Data excerpts:
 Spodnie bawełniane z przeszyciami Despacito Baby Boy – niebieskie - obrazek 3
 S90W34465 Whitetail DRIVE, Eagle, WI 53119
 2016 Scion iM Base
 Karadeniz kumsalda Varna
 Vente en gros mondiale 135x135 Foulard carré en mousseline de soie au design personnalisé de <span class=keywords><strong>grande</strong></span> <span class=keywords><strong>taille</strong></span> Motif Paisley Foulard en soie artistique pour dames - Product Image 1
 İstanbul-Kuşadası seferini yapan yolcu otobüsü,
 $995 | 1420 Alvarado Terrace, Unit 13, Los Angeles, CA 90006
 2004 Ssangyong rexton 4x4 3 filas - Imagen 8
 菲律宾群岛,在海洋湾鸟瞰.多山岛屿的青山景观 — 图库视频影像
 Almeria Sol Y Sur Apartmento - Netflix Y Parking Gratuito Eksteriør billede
* * *
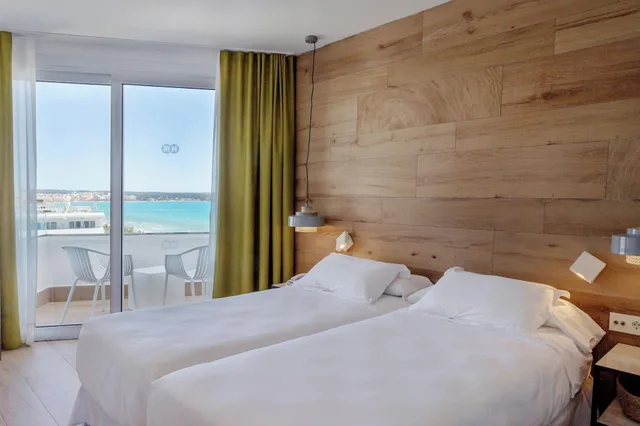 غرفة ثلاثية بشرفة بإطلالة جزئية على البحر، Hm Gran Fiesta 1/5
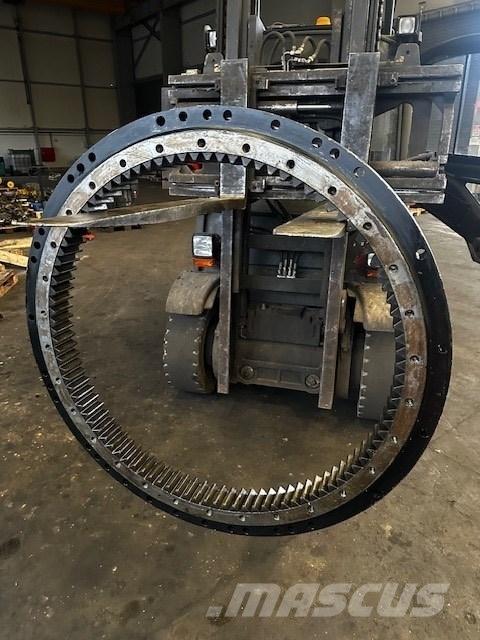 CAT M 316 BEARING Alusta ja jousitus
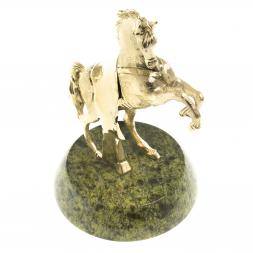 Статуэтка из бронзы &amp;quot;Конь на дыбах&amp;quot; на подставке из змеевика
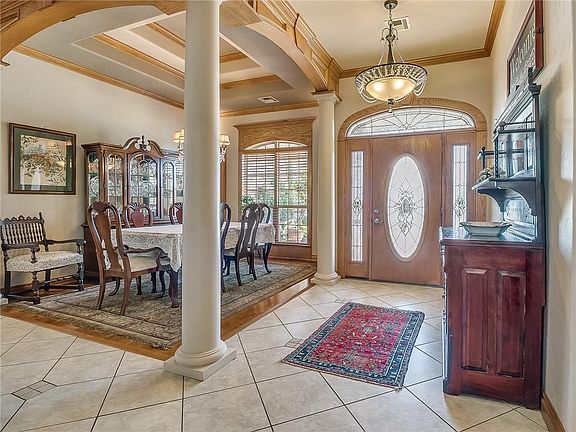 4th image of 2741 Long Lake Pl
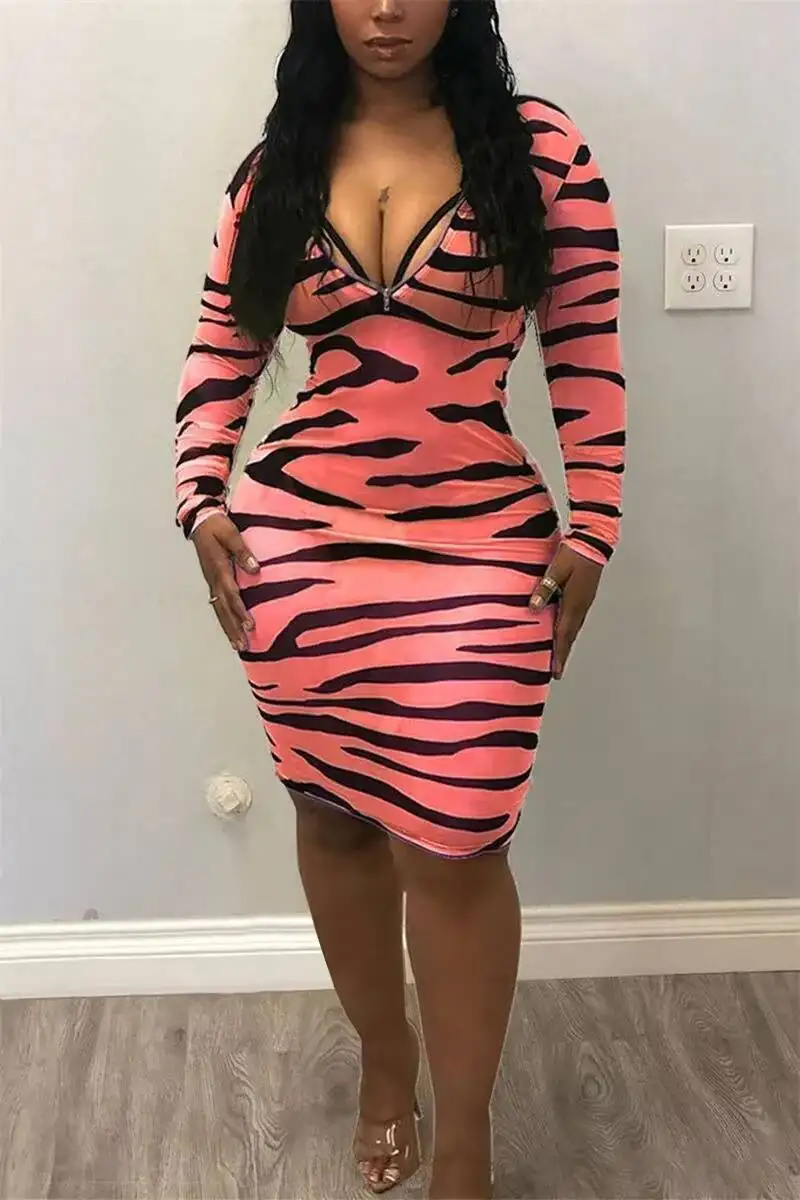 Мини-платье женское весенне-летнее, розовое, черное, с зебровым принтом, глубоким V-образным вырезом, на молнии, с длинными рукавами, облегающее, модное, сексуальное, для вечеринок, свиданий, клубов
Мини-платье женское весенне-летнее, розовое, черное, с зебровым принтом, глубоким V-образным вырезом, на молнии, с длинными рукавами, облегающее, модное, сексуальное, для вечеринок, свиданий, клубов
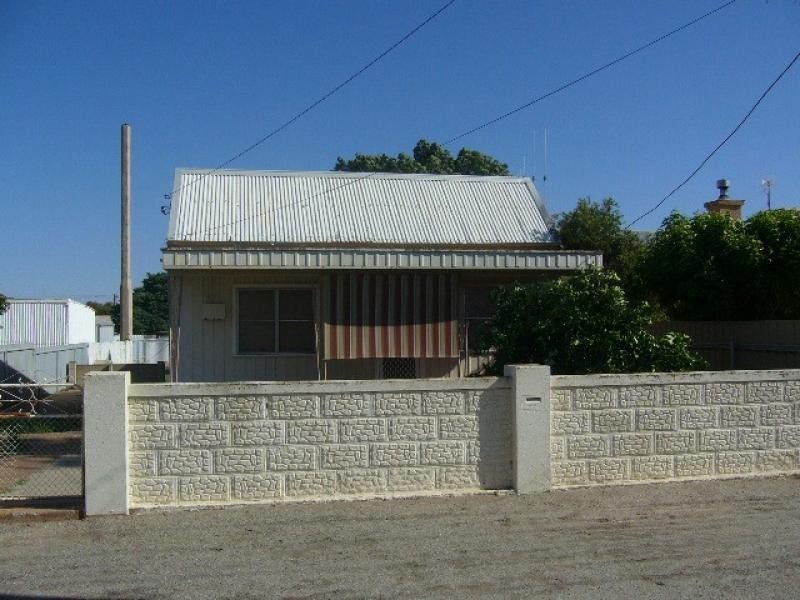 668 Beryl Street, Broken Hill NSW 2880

◆ Activity: Could you write out exactly the lines of the data above that run from the one holding "Статуэтка из бронзы" to the one holding "4th image of 2741 Long Lake Pl", with both ends in and all pictures out?

◆ Written solution:
 Статуэтка из бронзы &amp;quot;Конь на дыбах&amp;quot; на подставке из змеевика
 4th image of 2741 Long Lake Pl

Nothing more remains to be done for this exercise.